Racing Greyhounds - You Bet They Die

NB All credit for the sadly clever title goes to a number of greyhound advocacy sites such as Greyhound Action International. Another group very kindly made this wonderful "postcard".

With my elderly Rhodesian Ridgeback still mourning the death of his lifetime companion, as recounted in my end-of-2012 "balance sheet", I faced the choice of getting another dog to help his loneliness, or a dogless house once he passed on.
I decided on a whim to take the short-term option of fostering a rescue dog, and applied to an adoption agency for ex-racing Greyhounds.
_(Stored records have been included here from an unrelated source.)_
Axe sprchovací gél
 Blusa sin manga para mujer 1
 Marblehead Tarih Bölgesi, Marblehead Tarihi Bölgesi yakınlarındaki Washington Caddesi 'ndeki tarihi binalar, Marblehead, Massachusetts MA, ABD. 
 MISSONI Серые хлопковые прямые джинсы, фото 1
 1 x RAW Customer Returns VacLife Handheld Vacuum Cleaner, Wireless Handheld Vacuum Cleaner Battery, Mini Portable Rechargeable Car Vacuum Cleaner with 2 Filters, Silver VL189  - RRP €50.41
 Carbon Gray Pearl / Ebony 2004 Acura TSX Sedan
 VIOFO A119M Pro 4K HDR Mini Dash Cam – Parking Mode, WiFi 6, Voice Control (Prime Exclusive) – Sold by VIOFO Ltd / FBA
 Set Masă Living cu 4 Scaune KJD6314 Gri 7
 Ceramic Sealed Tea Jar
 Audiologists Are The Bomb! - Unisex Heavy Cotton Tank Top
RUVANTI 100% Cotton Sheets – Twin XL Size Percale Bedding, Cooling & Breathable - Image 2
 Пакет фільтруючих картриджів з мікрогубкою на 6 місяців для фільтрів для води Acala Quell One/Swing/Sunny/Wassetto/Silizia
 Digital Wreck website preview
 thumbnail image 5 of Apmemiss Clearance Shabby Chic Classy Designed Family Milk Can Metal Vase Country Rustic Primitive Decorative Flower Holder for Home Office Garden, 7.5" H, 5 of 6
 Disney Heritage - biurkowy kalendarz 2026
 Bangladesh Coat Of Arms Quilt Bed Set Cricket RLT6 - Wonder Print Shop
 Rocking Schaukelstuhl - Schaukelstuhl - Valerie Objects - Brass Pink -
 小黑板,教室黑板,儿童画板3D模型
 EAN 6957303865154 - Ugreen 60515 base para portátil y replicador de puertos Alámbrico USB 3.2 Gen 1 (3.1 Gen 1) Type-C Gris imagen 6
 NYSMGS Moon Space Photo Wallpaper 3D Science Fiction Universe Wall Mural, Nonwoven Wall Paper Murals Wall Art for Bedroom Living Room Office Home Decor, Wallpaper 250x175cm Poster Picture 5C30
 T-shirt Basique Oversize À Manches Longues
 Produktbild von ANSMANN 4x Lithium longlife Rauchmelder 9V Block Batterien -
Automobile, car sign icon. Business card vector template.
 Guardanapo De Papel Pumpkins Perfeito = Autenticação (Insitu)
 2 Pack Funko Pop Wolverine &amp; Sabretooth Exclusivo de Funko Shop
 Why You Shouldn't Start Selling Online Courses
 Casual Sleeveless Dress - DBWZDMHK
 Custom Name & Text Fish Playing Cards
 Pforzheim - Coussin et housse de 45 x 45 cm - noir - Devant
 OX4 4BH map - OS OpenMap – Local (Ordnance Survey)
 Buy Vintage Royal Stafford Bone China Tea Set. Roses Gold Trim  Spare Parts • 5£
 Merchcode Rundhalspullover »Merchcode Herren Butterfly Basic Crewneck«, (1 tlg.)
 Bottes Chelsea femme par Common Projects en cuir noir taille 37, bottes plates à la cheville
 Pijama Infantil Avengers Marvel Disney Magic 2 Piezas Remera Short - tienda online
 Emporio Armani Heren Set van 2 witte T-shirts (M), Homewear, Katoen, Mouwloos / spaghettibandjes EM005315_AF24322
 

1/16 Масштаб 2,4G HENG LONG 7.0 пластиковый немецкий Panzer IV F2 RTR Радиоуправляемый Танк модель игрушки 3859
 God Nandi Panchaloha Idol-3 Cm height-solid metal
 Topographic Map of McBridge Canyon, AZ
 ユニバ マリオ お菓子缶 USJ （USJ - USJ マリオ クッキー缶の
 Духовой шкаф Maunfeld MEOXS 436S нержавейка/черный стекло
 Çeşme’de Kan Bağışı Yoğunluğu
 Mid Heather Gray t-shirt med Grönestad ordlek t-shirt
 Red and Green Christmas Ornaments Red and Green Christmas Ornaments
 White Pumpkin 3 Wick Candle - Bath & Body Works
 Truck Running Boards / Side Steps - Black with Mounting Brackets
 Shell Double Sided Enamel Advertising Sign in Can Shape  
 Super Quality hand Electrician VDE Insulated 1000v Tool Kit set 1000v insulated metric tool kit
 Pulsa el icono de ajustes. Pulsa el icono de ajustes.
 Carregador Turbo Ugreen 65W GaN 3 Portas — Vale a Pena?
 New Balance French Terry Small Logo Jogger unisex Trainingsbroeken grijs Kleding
Soon afterwards, Wynny arrived, straight from the trainer's kennels.

A mere 7 weeks later, after a harrowing few days and nights for all three of us, she died from long-standing liver disease - yet another victim of the Greyhound racing industry.

A great many people followed her album/story on social media while she was with me, so I made a tribute site for everyone to see the personal story of one lovely Greyhound, together with some sobering facts about the abusive and greedy industry which killed her. In order to raise awareness, I've also included links to adoption, welfare and advocacy groups around the world.

RIP Wynny, dear dog.

I hope "Drughound Racing" can save even one of your fellow victims.